BUND Landesverband Baden-Württemberg - 17. April 2015

Globaler Aktionstag gegen Freihandelsabkommen

BUND kritisiert Position der Landesregierung zu TTIP


Stuttgart. Anlässlich des globalen Aktionstags am 18. April 2015 gegen die Freihandelsabkommen untermauert der Bund für Umwelt und Naturschutz Deutschland Landesverband Baden-Württemberg (BUND) seine ablehnende Position gegenüber TTIP (Transatlantic Trade and Investment Partnership) und kritisiert die positive Haltung der baden-württembergischen Landesregierung. Am Wochenende gehen weltweit Bürgerinnen und Bürger auf die Straße. Alleine in Baden-Württemberg finden über zwanzig Protest-Aktionen statt. Der BUND ruft auf, gegen TTIP zu demonstrieren.

Die Landesregierung von Baden-Württemberg hat in ihrem Eckpunktepapier ein idealisiertes Bild von der transatlantischen Handelspartnerschaft gezeichnet, das wenig mit den tatsächlichen TTIP-Verhandlungen zu tun hat. Entgegen den Annahmen der Landesregierung gibt es keinen belegbaren Beweis, dass durch TTIP Arbeitsplätze entstehen oder das Pro-Kopf-Einkommen merklich steigen werden.

"Die Landesregierung sollte sich fragen, ob sie zugunsten unsicherer Wirtschaftswachstumsprognosen Demokratie, Vorsorgeprinzip und Umweltschutz gefährden möchte. Wir erwarten von einer grün-roten Landesregierung, dass sie sich gegen neoliberale Interessen stellt. TTIP ist mit der Entwicklung einer nachhaltigen Wirtschaft unvereinbar", erklärt Dr. Brigitte Dahlbender, Landesvorsitzende des BUND in Baden-Württemberg.

Die von der Landesregierung vorgeschlagene Einrichtung eines multilateral legitimierten internationalen Handelsgerichts ist kein geeigneter Weg TTIP zu verbessern. "Die Landesregierung blendet aus, dass es ein langwieriger und komplizierter Weg ist, bis es einen solchen Gerichtshof geben wird.
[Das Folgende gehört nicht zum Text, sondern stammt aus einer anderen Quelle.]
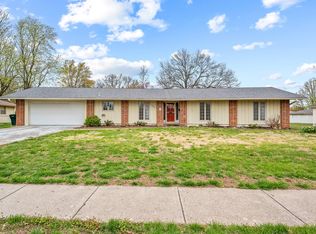 735 W Swan St, Springfield, MO 65807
Bis dahin darf es keine speziellen Investitionsschutzvorschriften und Schiedsgerichte (ISDS) in Handelsverträgen der EU geben", führt Brigitte Dahlbender aus.

Die Landesregierung formuliert in ihrem Eckpunktepapier Kritikpunkte und Forderungen wie: EU-Standards im Verbraucher- und Gesundheitsschutz müssten bestehen, Vorsorgeprinzip und Daseinsvorsorge müssten unangetastet bleiben und es solle keinen Einsatz von Agro-Gentechnik geben. Leider macht sie nicht deutlich, wie sie auf nationaler und internationaler Ebene diese Forderungen durchsetzen möchte. Zumindest hätte die Landesregierung klar und deutlich erklären müssen, dass sie im Bundesrat gegen TTIP stimmen wird, wenn auch nur einer ihrer Kritikpunkte umgesetzt würde. Stattdessen vermittelt die Landesregierung den Eindruck, dass man aus TTIP ein gutes Handelsabkommen entwickeln könne, wenn nur alle ihre Punkte erfüllt würden.

"Wenn die Welt ein Ponyhof wäre, wäre auch TTIP ein echt nettes Ding. Doch die Welt ist kein Ponyhof und TTIP ist ein knallhartes neoliberales Abkommen. Wenn die Landesregierung ihre Eckpunkte ernst nimmt, dann muss sie TTIP ablehnen", erklärt Dahlbender.

Um diesen Forderungen Nachdruck zu verleihen, engagiert sich der BUND im Protest gegen TTIP und ruft Bürgerinnen und Bürger auf, am globalen Aktionstag gegen TTIP auf die Straße zu gehen. Unter dem Motto "People and the Planet before Profits!" finden am 18. April weltweit Aktionen gegen eine Freihandelspolitik statt, die vor allem großen Konzernen dient und zulasten von Mensch und Umwelt geht. "In Baden-Württemberg sind über 20 Aktionen geplant - vom Infostand in Konstanz, der Protest-Radtour in Karlsruhe bis hin zur Demo mit Treckersternfahrt in Ulm. Die Menschen gehen auf die Straße, da sie TTIP und Co als ernsthafte Bedrohung empfinden. Diese Proteste dürfen nicht ignoriert, sondern müssen als Auftrag verstanden werden, TTIP zu stoppen", erklärt der BUND-Umweltreferent Franz Pöter.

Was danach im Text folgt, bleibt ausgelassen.